Collecting Infinity Stones - codepath/compsci_guides GitHub Wiki

TIP102 Unit 7 Session 1 Standard (Click for link to problem statements)

Problem 2: Collecting Infinity Stones

Thanos is collecting Infinity Stones. Given an array of integers stones representing the power of each stone, return the total power using a recursive approach.

Problem Highlights

  • 💡 Difficulty: Easy
  • Time to complete: 15 mins
  • 🛠️ Topics: Recursion

1: U-nderstand

Understand what the interviewer is asking for by using test cases and questions about the problem.

  • Established a set (2-3) of test cases to verify their own solution later.
  • Established a set (1-2) of edge cases to verify their solution handles complexities.
  • Have fully understood the problem and have no clarifying questions.
  • Have you verified any Time/Space Constraints for this problem?
  • Q: What is the main task in this problem?
    • A: The task is to sum the total power of all stones in the array using a recursive function.
  • Q: Can we use iteration?
    • A: No, the problem explicitly asks for a recursive solution.
HAPPY CASE
Input: [5, 10, 15, 20, 25, 30]
Output: 105
Explanation: The sum of the stones' power is 5 + 10 + 15 + 20 + 25 + 30 = 105.

Input: [12, 8, 22, 16, 10]
Output: 68
Explanation: The sum of the stones' power is 12 + 8 + 22 + 16 + 10 = 68.

EDGE CASE
Input: []
Output: 0
Explanation: The list is empty, so the sum should be 0.

Input: [100]
Output: 100
Explanation: The list has only one stone with power 100.

2: M-atch

Match what this problem looks like to known categories of problems, e.g.

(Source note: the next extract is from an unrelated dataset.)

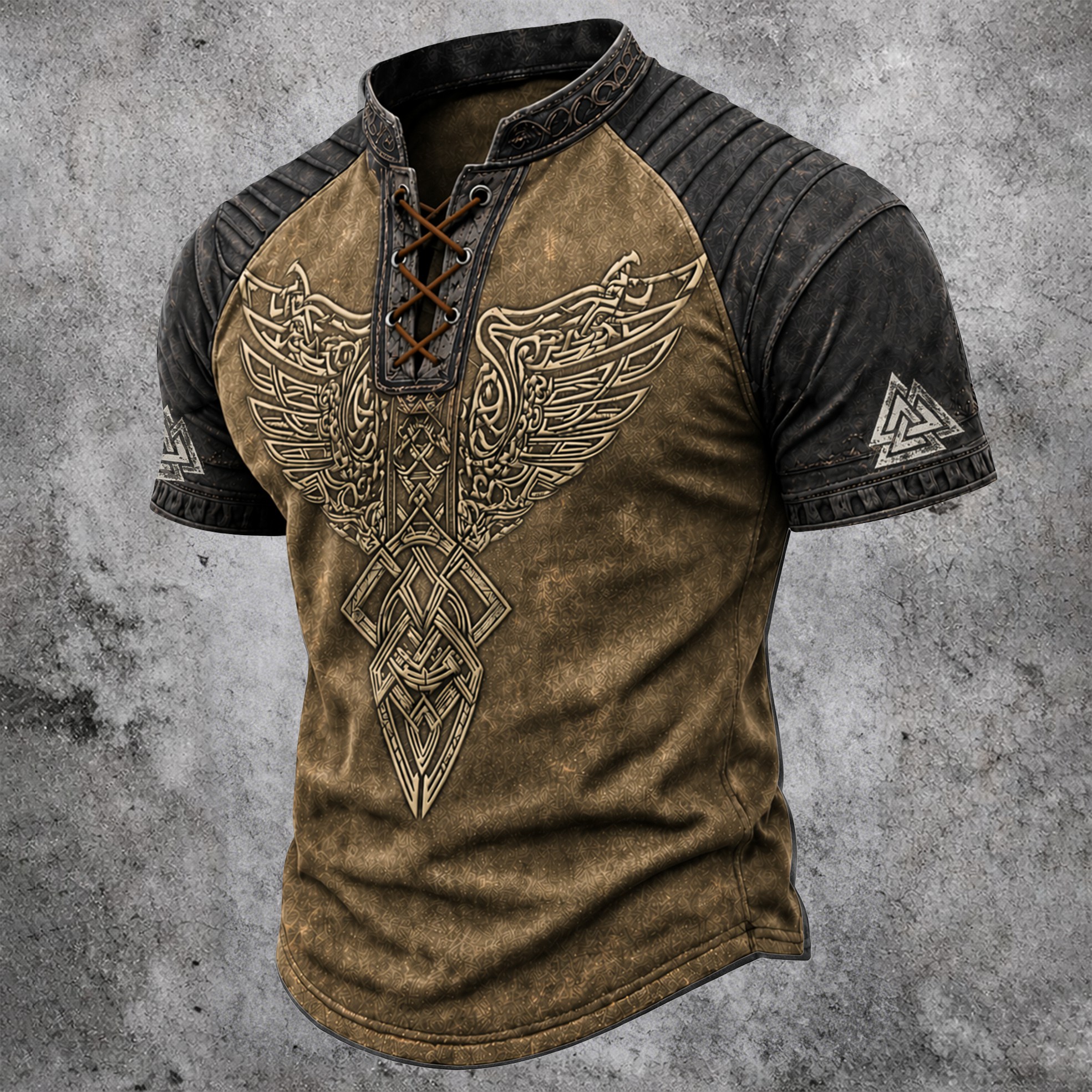 Norse Rune Pleated Henley Shirt - NorseKin detail view 2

Linked List or Dynamic Programming, and strategies or patterns in those categories.

For Summation Problems, we want to consider the following approaches:

  • Recursion: Break the problem down by summing the first element with the sum of the rest of the list.

3: P-lan

Plan the solution with appropriate visualizations and pseudocode.

General Idea:

  • Use a recursive function where the base case is an empty list, and the recursive case adds the first element to the sum of the rest of the list.

Recursive Approach:

1) Base case: If the list `stones` is empty, return 0.
2) Recursive case: Return the first element of `stones` plus the result of a recursive call to the same function with the rest of the list (excluding the first element).

⚠️ Common Mistakes

  • Forgetting the base case can lead to infinite recursion.
  • Mismanaging the indices or sublist extraction can result in incorrect sums.

4: I-mplement

Implement the code to solve the algorithm.

def collect_infinity_stones(stones):
    if not stones:
        return 0
    return stones[0] + collect_infinity_stones(stones[1:])

5: R-eview

Review the code by running specific example(s) and recording values (watchlist) of your code's variables along the way.

  • Trace through the collect_infinity_stones function with the input [5, 10, 15, 20, 25, 30]. The function should return 105 after six recursive calls.
  • Trace through the function with the input [12, 8, 22, 16, 10]. The function should return 68 after five recursive calls.

6: E-valuate

Evaluate the performance of your algorithm and state any strong/weak or future potential work.

Assume N represents the number of stones in the list.

  • Time Complexity: O(N) where N is the number of stones in the list. This is because the function makes one recursive call per stone in the list, summing them up in linear time.
  • Space Complexity: O(N) due to the recursion stack. Each recursive call adds a new frame to the stack, leading to linear space usage proportional to the number of stones.